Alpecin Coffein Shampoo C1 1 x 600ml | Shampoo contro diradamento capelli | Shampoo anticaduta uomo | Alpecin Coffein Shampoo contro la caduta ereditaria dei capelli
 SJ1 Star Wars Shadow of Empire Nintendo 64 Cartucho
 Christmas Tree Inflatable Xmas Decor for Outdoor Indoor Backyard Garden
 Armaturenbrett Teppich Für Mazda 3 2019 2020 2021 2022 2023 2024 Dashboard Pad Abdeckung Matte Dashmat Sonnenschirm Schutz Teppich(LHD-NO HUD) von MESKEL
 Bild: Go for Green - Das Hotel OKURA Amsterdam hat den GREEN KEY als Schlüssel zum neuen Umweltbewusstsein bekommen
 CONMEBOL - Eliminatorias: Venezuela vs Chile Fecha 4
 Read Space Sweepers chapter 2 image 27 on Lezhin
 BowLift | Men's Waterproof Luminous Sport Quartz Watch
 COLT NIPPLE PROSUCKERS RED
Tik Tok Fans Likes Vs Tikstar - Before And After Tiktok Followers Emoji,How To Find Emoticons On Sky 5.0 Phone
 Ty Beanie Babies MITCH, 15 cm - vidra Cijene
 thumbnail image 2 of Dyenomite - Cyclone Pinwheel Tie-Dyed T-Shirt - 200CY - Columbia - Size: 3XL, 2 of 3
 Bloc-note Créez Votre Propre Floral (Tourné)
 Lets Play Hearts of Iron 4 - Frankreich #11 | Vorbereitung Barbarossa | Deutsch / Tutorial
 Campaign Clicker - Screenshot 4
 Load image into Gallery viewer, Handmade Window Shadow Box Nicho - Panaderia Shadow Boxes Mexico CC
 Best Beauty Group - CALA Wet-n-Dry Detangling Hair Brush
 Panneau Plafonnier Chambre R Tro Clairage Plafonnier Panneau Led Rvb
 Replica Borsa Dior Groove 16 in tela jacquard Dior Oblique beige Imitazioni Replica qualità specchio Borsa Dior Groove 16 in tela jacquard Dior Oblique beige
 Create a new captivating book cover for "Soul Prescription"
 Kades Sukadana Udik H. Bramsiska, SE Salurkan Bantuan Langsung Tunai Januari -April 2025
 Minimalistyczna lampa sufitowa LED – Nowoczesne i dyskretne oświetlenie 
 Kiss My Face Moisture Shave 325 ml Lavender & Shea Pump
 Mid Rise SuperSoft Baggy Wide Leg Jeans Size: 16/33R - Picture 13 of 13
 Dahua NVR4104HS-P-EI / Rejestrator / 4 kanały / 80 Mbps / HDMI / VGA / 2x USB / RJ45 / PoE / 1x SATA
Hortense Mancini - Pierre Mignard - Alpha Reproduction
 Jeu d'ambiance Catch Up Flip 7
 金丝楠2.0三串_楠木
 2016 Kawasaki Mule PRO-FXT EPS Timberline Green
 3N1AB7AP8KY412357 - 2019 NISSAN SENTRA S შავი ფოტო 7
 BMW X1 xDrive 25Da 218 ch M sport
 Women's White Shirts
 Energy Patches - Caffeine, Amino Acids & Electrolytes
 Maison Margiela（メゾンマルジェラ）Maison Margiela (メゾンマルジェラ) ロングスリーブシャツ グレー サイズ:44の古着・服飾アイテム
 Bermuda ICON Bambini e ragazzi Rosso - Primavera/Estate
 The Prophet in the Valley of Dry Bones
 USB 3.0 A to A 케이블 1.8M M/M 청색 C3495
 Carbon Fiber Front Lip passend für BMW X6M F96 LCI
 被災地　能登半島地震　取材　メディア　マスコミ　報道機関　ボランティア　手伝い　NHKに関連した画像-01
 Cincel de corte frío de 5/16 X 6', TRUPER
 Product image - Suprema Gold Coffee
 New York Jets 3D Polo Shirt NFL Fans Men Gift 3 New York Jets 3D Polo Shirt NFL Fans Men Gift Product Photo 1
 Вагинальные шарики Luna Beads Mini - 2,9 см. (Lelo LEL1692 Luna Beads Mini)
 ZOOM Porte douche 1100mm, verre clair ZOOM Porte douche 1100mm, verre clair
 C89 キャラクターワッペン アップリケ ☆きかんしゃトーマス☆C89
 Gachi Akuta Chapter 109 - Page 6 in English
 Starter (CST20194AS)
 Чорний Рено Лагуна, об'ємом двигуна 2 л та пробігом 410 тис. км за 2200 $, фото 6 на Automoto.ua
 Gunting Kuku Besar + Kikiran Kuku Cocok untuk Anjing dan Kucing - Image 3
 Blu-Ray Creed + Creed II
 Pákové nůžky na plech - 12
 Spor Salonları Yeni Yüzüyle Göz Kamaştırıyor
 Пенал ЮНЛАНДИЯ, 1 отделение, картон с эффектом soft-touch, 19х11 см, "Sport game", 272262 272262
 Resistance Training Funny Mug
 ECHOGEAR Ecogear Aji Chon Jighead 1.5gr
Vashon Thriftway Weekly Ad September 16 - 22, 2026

------------------------------------------------------------

[What is being asked]: Output only a verbatim copy of the lines spanning from the line that contains "Dahua NVR4104HS-P-EI /" to the end of the records above.

[Problem solution]:
 Dahua NVR4104HS-P-EI / Rejestrator / 4 kanały / 80 Mbps / HDMI / VGA / 2x USB / RJ45 / PoE / 1x SATA
Hortense Mancini - Pierre Mignard - Alpha Reproduction
 Jeu d'ambiance Catch Up Flip 7
 金丝楠2.0三串_楠木
 2016 Kawasaki Mule PRO-FXT EPS Timberline Green
 3N1AB7AP8KY412357 - 2019 NISSAN SENTRA S შავი ფოტო 7
 BMW X1 xDrive 25Da 218 ch M sport
 Women's White Shirts
 Energy Patches - Caffeine, Amino Acids & Electrolytes
 Maison Margiela（メゾンマルジェラ）Maison Margiela (メゾンマルジェラ) ロングスリーブシャツ グレー サイズ:44の古着・服飾アイテム
 Bermuda ICON Bambini e ragazzi Rosso - Primavera/Estate
 The Prophet in the Valley of Dry Bones
 USB 3.0 A to A 케이블 1.8M M/M 청색 C3495
 Carbon Fiber Front Lip passend für BMW X6M F96 LCI
 被災地　能登半島地震　取材　メディア　マスコミ　報道機関　ボランティア　手伝い　NHKに関連した画像-01
 Cincel de corte frío de 5/16 X 6', TRUPER
 Product image - Suprema Gold Coffee
 New York Jets 3D Polo Shirt NFL Fans Men Gift 3 New York Jets 3D Polo Shirt NFL Fans Men Gift Product Photo 1
 Вагинальные шарики Luna Beads Mini - 2,9 см. (Lelo LEL1692 Luna Beads Mini)
 ZOOM Porte douche 1100mm, verre clair ZOOM Porte douche 1100mm, verre clair
 C89 キャラクターワッペン アップリケ ☆きかんしゃトーマス☆C89
 Gachi Akuta Chapter 109 - Page 6 in English
 Starter (CST20194AS)
 Чорний Рено Лагуна, об'ємом двигуна 2 л та пробігом 410 тис. км за 2200 $, фото 6 на Automoto.ua
 Gunting Kuku Besar + Kikiran Kuku Cocok untuk Anjing dan Kucing - Image 3
 Blu-Ray Creed + Creed II
 Pákové nůžky na plech - 12
 Spor Salonları Yeni Yüzüyle Göz Kamaştırıyor
 Пенал ЮНЛАНДИЯ, 1 отделение, картон с эффектом soft-touch, 19х11 см, "Sport game", 272262 272262
 Resistance Training Funny Mug
 ECHOGEAR Ecogear Aji Chon Jighead 1.5gr
Vashon Thriftway Weekly Ad September 16 - 22, 2026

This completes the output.